Self-employed income protection insurance can help you recoup some of your lost earnings if you’re unable to work due to illness or injury.

With this type of cover, you can get regular payments of a proportion of your average income. This is typically 50-65%, though it varies between insurance providers.

You can choose between short-term and long-term income protection.

  • With a short-term policy, your cover will last for a set amount of time. If your claim is successful, you’ll receive payments until you can either return to work or the policy ends, whichever is sooner.
  • With long-term income protection, you’ll continue to receive pay-outs until you’re able to return to work or you reach retirement age.

Do I need self-employed income protection?

Income protection insurance isn’t mandatory if you’re self-employed. But it could be extremely useful.

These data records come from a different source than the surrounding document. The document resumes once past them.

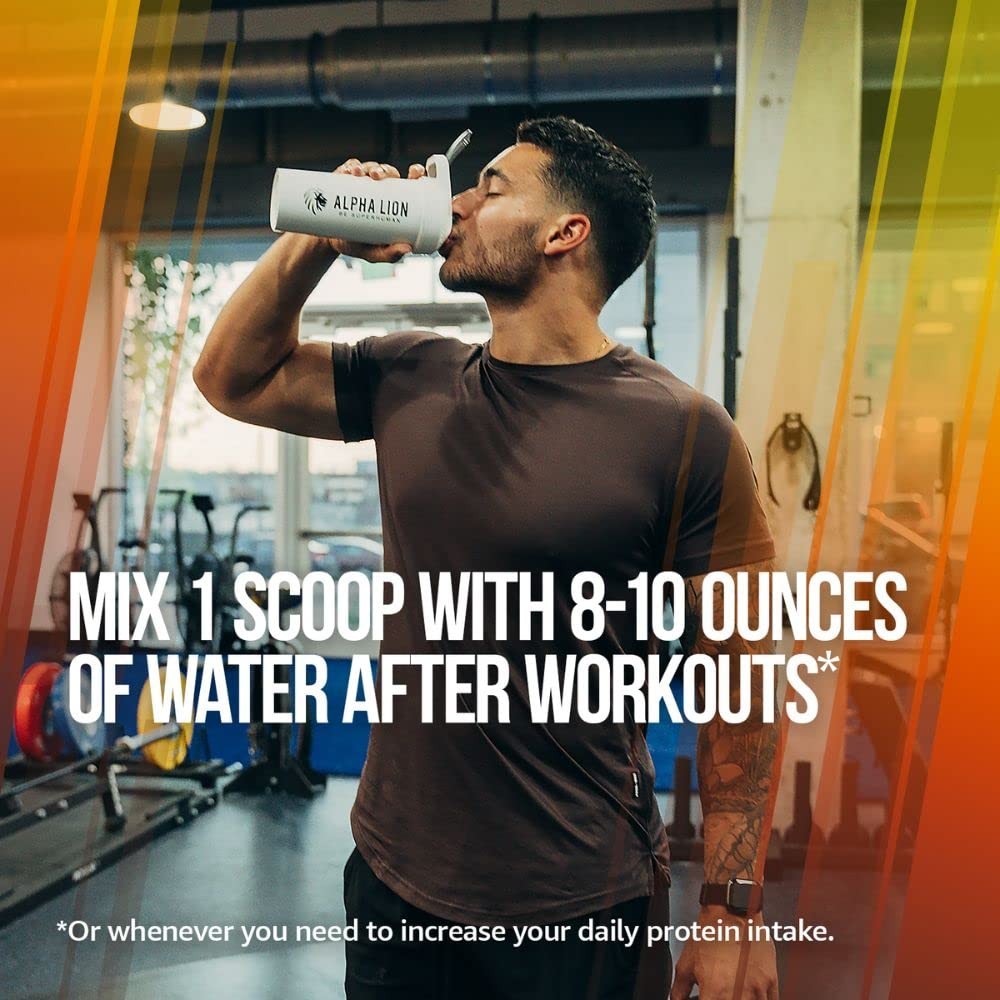 ALPHA LION Superhuman Whey Protein Powder, Great Tasting Pure Whey Protein Is…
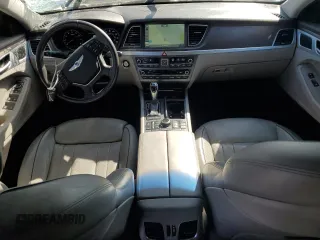 2015 Hyundai Genesis 3.8L with VIN KMHGN4JE2FU079041, listed as a Copart auction lot 46536175 with 109,551 mi miles and Salvage Title. Bid and sale history available at DreamBid. Image 8.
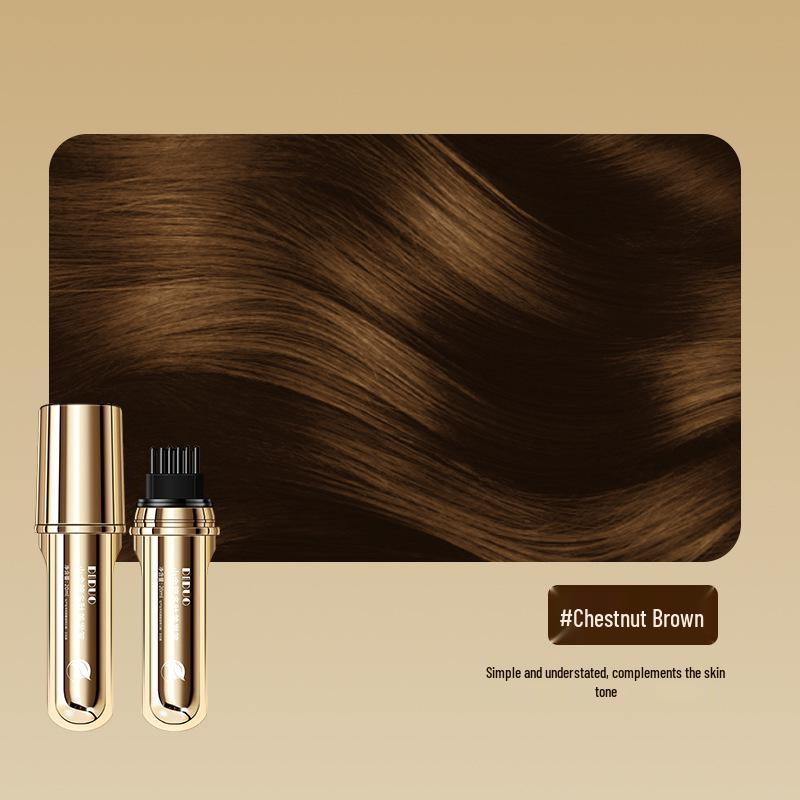 

DIDUO Peptide Hair Color Pen - Portable, Non-Damaging Touch-Up with Comb for Concealing White Hair коричневий/каштановий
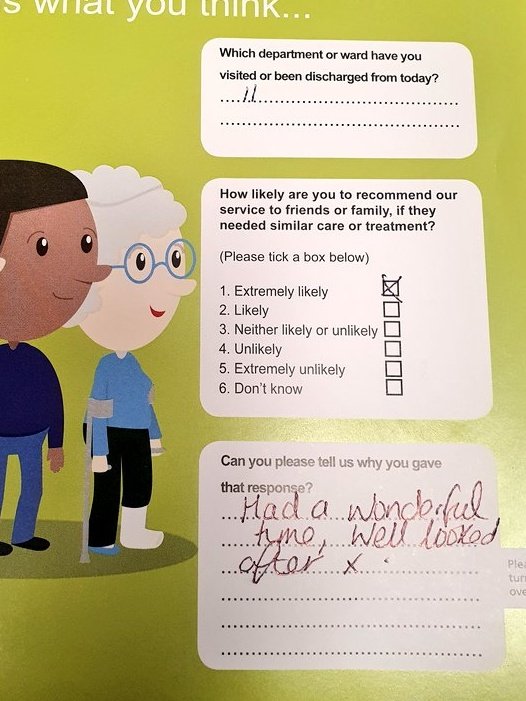 Ward 11 WUTH (@11wuth) on Twitter photo Positive feed back. Caring for our patients. Team work. <a href="/11Wuth/">Ward 11 WUTH</a> #healthcare #PatientCare #NHS Positive feed back. Caring for our patients. Team work. <a href="/11Wuth/">Ward 11 WUTH</a> #healthcare #PatientCare #NHS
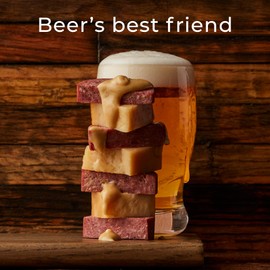 Hickory Farms Farmhouse Summer Sausage 3-Pack, 7 ounces each | Great for Snacking, Entertaining, Charcuterie, Ready to Eat, High Protein, Low Carb, Premium Pork and Beef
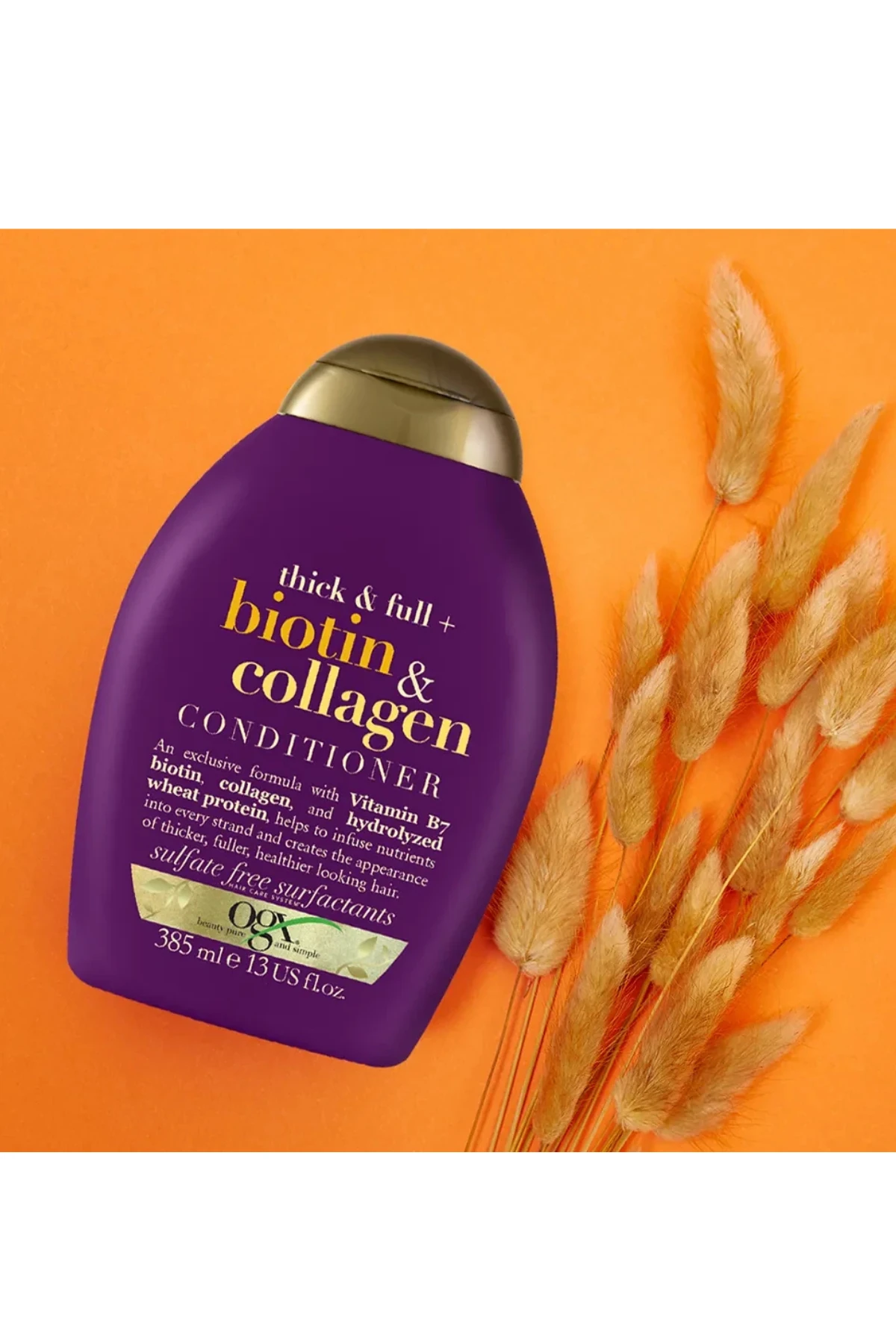 OGX Biotin & Collagen (Vitamin B7 Biotini, Kolajen, Buğday Proteinleri) Sülfatsız Saç Kremi 385ml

To decide whether you need self-employed income protection, think about what would happen if you couldn’t work for an extended period because of illness or injury. Would you have enough savings or other resources to tide you and your family over until you could work again? 

If the answer is no, self-employed income protection could be worth considering.

Why self-employed income protection matters

According to government figures, as of October 2024, there were almost 4.4 million self-employed people in the UK. That’s just over 13% of the UK workforce, contributing around £331 billion to the economy.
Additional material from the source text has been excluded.